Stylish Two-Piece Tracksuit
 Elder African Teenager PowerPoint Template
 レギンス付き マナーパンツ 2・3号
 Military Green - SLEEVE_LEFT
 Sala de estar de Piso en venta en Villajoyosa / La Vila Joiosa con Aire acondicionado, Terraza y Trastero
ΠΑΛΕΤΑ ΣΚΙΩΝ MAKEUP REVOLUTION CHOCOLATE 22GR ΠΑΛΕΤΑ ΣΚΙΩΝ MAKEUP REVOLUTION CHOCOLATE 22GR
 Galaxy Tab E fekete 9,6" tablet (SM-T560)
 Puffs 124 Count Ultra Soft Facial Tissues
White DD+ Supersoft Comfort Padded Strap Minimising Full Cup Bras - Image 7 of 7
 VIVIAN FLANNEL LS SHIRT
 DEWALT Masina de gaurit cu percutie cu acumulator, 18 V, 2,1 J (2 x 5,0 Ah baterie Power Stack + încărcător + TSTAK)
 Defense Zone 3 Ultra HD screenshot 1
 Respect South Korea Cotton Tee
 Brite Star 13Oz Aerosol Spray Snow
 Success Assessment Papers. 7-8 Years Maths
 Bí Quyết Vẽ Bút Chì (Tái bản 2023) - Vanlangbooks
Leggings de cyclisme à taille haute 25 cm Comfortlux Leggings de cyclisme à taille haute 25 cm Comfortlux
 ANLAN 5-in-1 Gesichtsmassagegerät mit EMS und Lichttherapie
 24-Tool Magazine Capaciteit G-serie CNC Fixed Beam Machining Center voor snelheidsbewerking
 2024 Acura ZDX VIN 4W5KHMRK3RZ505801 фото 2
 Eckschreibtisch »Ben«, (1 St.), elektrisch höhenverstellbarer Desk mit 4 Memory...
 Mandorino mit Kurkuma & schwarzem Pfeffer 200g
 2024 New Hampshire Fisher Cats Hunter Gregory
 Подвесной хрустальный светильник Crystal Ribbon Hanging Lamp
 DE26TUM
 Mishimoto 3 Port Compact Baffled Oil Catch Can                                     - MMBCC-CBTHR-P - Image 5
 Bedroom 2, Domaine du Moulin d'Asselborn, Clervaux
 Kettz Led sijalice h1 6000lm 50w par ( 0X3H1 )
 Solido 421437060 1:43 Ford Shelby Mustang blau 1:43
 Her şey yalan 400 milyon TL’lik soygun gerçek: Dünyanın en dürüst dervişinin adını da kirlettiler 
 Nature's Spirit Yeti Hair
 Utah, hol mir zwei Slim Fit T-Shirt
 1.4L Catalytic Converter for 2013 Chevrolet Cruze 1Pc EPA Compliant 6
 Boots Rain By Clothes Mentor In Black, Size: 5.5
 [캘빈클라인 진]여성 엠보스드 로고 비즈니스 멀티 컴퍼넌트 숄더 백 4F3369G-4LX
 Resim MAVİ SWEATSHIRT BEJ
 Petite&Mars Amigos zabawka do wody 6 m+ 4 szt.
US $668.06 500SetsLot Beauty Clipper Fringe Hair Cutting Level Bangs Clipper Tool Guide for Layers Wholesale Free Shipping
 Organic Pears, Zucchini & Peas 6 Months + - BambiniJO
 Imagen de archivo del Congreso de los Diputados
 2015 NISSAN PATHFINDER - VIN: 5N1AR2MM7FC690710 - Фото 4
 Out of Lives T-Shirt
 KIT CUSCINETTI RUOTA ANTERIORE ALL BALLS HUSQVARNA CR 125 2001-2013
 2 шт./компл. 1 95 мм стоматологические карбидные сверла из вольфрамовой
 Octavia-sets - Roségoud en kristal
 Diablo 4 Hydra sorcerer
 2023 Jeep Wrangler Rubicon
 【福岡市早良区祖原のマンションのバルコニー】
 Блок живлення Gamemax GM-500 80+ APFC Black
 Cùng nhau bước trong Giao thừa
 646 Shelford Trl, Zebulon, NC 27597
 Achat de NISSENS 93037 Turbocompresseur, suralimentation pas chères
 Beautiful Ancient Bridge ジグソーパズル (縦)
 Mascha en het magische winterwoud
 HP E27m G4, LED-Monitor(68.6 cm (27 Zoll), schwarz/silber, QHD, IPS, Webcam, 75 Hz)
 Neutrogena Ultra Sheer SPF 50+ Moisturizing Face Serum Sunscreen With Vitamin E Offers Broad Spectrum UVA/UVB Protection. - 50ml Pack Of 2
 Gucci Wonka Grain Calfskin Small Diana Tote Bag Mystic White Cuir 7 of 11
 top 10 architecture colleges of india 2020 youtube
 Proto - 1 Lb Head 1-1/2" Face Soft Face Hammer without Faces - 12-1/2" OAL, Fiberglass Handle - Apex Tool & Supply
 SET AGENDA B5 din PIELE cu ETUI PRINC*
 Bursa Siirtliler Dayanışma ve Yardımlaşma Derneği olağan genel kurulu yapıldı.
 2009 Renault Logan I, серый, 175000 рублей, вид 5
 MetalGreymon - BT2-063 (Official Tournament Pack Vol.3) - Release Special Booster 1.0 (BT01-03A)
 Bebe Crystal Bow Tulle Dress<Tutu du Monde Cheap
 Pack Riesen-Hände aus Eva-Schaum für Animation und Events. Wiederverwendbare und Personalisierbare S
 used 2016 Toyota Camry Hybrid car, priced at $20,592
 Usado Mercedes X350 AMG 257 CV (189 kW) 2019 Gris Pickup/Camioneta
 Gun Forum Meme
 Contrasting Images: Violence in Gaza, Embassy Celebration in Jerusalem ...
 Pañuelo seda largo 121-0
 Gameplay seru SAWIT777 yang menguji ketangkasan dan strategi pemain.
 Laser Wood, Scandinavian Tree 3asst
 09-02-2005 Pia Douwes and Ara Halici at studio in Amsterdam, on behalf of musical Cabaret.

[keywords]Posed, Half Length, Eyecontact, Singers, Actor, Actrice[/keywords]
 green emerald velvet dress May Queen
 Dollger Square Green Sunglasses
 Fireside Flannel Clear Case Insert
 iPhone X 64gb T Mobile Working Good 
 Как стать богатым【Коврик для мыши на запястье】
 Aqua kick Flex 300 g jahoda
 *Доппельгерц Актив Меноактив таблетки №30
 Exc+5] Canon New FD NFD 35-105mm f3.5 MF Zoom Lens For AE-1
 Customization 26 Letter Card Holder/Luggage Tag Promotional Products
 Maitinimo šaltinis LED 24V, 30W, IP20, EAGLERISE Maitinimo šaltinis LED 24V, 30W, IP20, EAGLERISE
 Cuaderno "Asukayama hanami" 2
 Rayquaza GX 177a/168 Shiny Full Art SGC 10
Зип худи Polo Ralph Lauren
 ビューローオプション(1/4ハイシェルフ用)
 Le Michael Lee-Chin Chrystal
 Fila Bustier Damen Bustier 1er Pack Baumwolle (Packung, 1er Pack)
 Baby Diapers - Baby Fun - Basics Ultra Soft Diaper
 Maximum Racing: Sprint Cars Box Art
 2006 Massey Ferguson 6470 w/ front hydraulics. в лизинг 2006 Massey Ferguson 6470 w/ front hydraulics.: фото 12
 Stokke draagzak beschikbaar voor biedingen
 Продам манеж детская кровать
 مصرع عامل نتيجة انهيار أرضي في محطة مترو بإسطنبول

= Exercise details =
Give back, unchanged, the run of lines in the listing above that begins at the line containing "ΠΑΛΕΤΑ ΣΚΙΩΝ MAKEUP REVOLUTION CHOCOLATE 22GR ΠΑΛΕΤΑ" and ends at the line containing "VIVIAN FLANNEL LS SHIRT", both included.

= Answer for this exercise =
ΠΑΛΕΤΑ ΣΚΙΩΝ MAKEUP REVOLUTION CHOCOLATE 22GR ΠΑΛΕΤΑ ΣΚΙΩΝ MAKEUP REVOLUTION CHOCOLATE 22GR
 Galaxy Tab E fekete 9,6" tablet (SM-T560)
 Puffs 124 Count Ultra Soft Facial Tissues
White DD+ Supersoft Comfort Padded Strap Minimising Full Cup Bras - Image 7 of 7
 VIVIAN FLANNEL LS SHIRT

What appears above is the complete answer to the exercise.